Original leaf from a late 12th century medieval Psalter and Hymnal. Latin text, in rounded gothic script, on animal vellum, in brown ink. 22 lines with seventeen illuminated one-line initials alternating in burnished gold and deep blue.(136 x 100mm - 5.4 x 4")
One large nine-line illuminated initial in deep blue with delicate white tracery on a burnished gold ground and inhabited with the standing figure of St. Stephen wearing a salmon colored robe and having an orange halo. The initial is surrounded by a black, salmon and white border. (For a sister leaf to this very early Spanish Psalter, see Magg’s European Bulletin 15, #51).
Spain (Seville?), c. 1180 -1200.
The illuminated ''S'' begins Psalm 68 (King James 69) 1-15 – Sailors’ Psalm: ''Salvum me…'' (Save me, O God: for the waters are come in even unto my soul. I stick fast in the mire of the deep: and there is no sure standing.
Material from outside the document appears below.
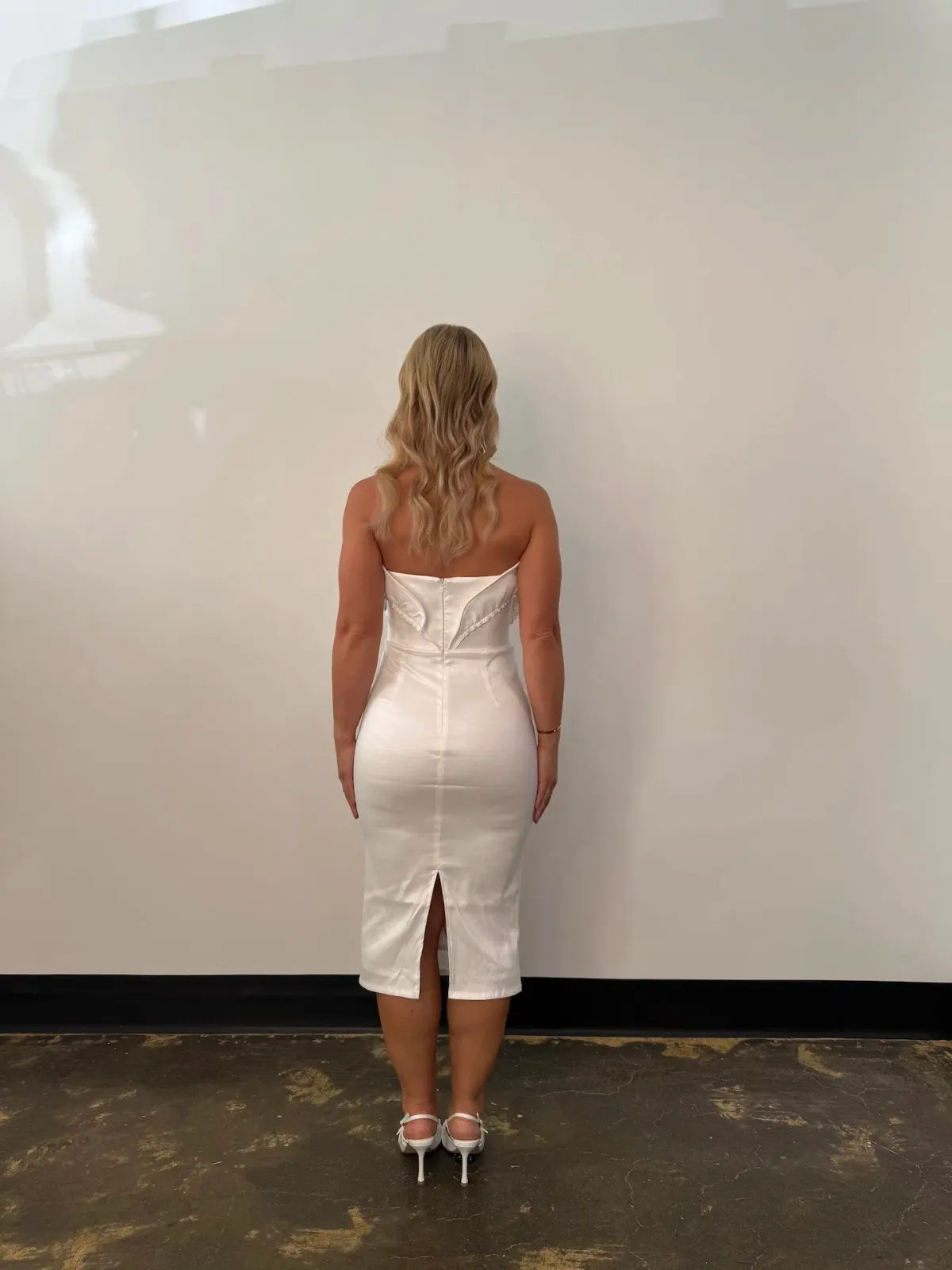 Elle Zeitoune Marley Midi Dress in White Size AU 12 - Image 4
I am come into the depth of the sea: and a tempest hath overwhelmed me...).
The devout were expected to engage in a series of daily devotions, structured around the reading of the Psalms. In the Middle Ages all 150 psalms were to be recited each day, but as this proved impractical, the sequence was restructured to encompass a full week!
Presented in an archival 14x11'' mat.